▶ [Work to be completed] From the entries that follow, reproduce exactly and only the lines from the line with "Pure experience is" to the line with "Мужская футболка с", endpoints included.

▶ [Records shown]
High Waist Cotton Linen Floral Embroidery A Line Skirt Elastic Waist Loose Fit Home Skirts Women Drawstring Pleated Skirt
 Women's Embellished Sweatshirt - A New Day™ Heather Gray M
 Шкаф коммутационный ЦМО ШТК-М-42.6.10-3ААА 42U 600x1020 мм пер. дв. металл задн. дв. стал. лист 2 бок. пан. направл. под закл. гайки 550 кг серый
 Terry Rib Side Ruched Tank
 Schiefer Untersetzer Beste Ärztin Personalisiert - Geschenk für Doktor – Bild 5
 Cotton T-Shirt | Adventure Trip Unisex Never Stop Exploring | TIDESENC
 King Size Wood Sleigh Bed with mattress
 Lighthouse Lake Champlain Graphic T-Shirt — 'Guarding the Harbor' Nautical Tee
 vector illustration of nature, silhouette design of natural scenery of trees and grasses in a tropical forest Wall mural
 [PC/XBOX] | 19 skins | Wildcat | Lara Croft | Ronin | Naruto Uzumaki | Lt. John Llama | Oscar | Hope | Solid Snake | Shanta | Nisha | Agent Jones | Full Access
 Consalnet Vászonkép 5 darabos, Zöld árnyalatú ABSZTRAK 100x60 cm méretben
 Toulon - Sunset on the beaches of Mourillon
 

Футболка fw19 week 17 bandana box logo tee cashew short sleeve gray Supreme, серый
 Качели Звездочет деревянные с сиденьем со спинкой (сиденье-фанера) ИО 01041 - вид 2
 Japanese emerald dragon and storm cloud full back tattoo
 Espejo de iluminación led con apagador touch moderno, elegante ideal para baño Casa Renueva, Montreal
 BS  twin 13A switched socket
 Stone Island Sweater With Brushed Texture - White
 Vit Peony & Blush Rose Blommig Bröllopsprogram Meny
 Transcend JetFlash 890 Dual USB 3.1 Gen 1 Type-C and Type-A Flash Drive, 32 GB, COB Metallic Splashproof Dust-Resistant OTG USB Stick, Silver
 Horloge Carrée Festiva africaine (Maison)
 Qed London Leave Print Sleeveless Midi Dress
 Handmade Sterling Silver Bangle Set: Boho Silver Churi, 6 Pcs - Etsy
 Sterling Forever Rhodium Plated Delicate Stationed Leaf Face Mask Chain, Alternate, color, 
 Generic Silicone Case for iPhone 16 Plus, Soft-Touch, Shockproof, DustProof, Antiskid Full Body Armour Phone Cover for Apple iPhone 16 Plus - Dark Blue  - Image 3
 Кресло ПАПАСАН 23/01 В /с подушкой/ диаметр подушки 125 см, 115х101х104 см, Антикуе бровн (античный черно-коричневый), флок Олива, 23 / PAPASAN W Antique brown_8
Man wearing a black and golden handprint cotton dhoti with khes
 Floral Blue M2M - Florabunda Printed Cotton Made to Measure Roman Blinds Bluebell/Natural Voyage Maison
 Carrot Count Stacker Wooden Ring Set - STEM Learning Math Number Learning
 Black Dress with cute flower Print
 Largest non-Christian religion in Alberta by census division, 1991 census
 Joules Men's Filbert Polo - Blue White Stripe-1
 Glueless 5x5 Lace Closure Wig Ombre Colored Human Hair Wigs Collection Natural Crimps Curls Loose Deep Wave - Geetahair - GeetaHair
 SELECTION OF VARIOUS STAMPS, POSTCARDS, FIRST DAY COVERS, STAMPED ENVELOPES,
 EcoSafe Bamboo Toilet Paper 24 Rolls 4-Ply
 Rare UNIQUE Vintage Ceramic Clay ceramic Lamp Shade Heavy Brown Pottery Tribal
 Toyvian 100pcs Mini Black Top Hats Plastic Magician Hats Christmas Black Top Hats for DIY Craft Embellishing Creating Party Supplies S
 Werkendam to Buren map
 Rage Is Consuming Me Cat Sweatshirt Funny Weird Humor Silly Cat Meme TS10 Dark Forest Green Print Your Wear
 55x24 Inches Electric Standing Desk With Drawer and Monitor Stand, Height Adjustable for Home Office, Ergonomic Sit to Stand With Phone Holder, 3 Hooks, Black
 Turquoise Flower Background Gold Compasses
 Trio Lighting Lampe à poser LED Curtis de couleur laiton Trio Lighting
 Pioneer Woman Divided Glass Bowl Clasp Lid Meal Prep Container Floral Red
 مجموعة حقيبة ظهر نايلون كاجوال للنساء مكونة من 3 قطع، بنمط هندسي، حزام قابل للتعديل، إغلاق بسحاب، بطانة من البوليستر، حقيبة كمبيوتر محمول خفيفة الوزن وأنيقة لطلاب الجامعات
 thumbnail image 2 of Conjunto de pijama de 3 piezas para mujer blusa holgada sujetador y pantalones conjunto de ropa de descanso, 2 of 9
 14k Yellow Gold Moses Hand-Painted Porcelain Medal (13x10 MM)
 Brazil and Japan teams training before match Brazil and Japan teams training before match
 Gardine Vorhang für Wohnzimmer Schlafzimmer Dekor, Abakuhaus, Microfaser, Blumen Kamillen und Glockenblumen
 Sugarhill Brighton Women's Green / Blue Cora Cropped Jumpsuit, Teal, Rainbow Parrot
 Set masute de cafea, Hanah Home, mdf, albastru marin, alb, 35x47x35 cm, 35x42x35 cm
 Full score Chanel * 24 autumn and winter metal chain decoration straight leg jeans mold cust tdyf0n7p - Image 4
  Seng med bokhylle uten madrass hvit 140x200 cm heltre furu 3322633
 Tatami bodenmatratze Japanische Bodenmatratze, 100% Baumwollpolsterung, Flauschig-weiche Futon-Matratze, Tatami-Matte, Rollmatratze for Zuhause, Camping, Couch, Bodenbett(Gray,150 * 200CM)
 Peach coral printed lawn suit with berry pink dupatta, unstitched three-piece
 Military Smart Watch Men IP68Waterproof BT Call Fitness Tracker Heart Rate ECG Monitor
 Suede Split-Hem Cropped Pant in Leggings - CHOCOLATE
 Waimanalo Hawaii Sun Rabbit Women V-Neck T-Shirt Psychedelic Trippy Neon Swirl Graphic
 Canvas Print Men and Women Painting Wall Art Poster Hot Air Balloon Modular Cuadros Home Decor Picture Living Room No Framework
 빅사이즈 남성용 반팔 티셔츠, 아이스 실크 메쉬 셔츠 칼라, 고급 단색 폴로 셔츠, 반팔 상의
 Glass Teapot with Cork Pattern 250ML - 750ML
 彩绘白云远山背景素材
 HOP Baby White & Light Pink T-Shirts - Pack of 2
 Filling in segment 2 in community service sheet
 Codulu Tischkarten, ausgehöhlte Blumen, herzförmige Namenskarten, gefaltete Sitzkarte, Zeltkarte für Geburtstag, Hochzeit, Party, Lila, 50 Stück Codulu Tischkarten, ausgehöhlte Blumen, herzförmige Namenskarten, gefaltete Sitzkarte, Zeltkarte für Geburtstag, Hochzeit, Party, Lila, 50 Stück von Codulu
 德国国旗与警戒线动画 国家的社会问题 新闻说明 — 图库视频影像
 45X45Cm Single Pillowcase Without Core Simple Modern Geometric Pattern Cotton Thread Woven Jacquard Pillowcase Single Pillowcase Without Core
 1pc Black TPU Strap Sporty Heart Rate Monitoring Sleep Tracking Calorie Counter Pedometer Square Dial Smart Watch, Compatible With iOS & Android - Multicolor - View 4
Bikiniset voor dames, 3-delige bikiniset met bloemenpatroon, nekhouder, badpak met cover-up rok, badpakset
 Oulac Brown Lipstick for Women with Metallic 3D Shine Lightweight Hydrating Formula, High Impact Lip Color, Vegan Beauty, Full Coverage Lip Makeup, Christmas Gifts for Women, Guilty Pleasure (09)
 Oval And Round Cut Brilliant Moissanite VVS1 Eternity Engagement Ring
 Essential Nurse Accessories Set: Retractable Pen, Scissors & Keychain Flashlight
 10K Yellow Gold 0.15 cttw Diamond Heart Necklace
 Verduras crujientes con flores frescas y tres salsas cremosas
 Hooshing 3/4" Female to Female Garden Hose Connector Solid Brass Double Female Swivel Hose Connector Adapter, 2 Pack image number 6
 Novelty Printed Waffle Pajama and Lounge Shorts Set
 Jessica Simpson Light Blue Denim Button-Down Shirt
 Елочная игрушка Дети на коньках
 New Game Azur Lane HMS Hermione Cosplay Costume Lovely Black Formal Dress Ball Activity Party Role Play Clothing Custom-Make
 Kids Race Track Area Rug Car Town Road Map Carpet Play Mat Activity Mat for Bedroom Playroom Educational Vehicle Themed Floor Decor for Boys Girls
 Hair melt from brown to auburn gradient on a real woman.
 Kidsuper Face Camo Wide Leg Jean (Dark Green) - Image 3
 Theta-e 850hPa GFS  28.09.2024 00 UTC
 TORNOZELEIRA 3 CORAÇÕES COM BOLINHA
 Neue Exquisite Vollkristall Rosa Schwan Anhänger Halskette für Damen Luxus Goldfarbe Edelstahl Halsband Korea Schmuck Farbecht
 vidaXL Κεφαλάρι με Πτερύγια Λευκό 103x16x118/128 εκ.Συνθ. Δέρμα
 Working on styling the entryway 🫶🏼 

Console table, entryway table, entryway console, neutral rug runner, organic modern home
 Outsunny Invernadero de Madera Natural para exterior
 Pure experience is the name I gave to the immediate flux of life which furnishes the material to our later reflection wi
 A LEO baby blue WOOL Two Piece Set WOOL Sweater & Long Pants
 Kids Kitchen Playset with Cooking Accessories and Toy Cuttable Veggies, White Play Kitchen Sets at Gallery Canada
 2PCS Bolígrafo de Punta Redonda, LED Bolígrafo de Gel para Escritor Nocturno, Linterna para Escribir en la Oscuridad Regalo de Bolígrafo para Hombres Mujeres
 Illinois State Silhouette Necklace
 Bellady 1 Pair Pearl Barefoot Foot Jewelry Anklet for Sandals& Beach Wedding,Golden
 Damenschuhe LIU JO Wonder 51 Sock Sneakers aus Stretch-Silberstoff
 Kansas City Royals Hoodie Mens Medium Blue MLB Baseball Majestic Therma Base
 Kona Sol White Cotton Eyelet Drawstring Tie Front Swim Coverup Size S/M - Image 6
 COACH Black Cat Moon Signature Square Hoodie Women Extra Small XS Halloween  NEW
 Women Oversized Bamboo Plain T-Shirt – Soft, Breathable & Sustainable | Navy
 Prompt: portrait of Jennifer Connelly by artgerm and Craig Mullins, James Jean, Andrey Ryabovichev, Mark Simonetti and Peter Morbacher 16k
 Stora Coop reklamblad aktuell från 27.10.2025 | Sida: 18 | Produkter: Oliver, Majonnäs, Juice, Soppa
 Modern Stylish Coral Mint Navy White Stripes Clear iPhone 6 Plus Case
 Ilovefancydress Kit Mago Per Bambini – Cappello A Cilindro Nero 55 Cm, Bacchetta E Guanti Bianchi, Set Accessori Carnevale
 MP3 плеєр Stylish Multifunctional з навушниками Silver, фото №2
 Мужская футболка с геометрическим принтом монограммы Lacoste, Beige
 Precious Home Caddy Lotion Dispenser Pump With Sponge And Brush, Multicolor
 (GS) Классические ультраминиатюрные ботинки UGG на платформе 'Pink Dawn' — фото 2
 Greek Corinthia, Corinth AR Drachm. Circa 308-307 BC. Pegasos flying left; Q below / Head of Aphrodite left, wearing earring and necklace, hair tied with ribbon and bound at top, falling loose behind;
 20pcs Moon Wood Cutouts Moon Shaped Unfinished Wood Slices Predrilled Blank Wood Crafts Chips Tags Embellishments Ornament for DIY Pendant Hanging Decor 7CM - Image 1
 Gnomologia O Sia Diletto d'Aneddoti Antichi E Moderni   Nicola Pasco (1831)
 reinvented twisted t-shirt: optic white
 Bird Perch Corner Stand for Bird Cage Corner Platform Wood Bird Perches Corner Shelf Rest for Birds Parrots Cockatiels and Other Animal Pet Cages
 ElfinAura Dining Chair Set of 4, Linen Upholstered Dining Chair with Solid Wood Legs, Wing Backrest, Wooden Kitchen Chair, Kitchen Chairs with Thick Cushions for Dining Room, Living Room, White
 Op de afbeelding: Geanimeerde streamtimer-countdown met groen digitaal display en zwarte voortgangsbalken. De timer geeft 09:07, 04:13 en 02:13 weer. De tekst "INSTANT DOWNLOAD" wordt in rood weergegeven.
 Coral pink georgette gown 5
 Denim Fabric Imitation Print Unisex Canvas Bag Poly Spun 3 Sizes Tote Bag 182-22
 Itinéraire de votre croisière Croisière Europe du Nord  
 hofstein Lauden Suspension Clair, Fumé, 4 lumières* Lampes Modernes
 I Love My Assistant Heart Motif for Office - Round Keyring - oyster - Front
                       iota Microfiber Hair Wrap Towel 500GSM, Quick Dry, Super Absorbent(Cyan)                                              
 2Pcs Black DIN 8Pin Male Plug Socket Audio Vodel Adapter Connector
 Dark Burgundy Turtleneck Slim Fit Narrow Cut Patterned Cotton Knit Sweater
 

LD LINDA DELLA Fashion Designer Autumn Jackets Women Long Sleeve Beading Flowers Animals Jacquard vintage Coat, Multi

▶ [Reply to the task]
 Pure experience is the name I gave to the immediate flux of life which furnishes the material to our later reflection wi
 A LEO baby blue WOOL Two Piece Set WOOL Sweater & Long Pants
 Kids Kitchen Playset with Cooking Accessories and Toy Cuttable Veggies, White Play Kitchen Sets at Gallery Canada
 2PCS Bolígrafo de Punta Redonda, LED Bolígrafo de Gel para Escritor Nocturno, Linterna para Escribir en la Oscuridad Regalo de Bolígrafo para Hombres Mujeres
 Illinois State Silhouette Necklace
 Bellady 1 Pair Pearl Barefoot Foot Jewelry Anklet for Sandals& Beach Wedding,Golden
 Damenschuhe LIU JO Wonder 51 Sock Sneakers aus Stretch-Silberstoff
 Kansas City Royals Hoodie Mens Medium Blue MLB Baseball Majestic Therma Base
 Kona Sol White Cotton Eyelet Drawstring Tie Front Swim Coverup Size S/M - Image 6
 COACH Black Cat Moon Signature Square Hoodie Women Extra Small XS Halloween  NEW
 Women Oversized Bamboo Plain T-Shirt – Soft, Breathable & Sustainable | Navy
 Prompt: portrait of Jennifer Connelly by artgerm and Craig Mullins, James Jean, Andrey Ryabovichev, Mark Simonetti and Peter Morbacher 16k
 Stora Coop reklamblad aktuell från 27.10.2025 | Sida: 18 | Produkter: Oliver, Majonnäs, Juice, Soppa
 Modern Stylish Coral Mint Navy White Stripes Clear iPhone 6 Plus Case
 Ilovefancydress Kit Mago Per Bambini – Cappello A Cilindro Nero 55 Cm, Bacchetta E Guanti Bianchi, Set Accessori Carnevale
 MP3 плеєр Stylish Multifunctional з навушниками Silver, фото №2
 Мужская футболка с геометрическим принтом монограммы Lacoste, Beige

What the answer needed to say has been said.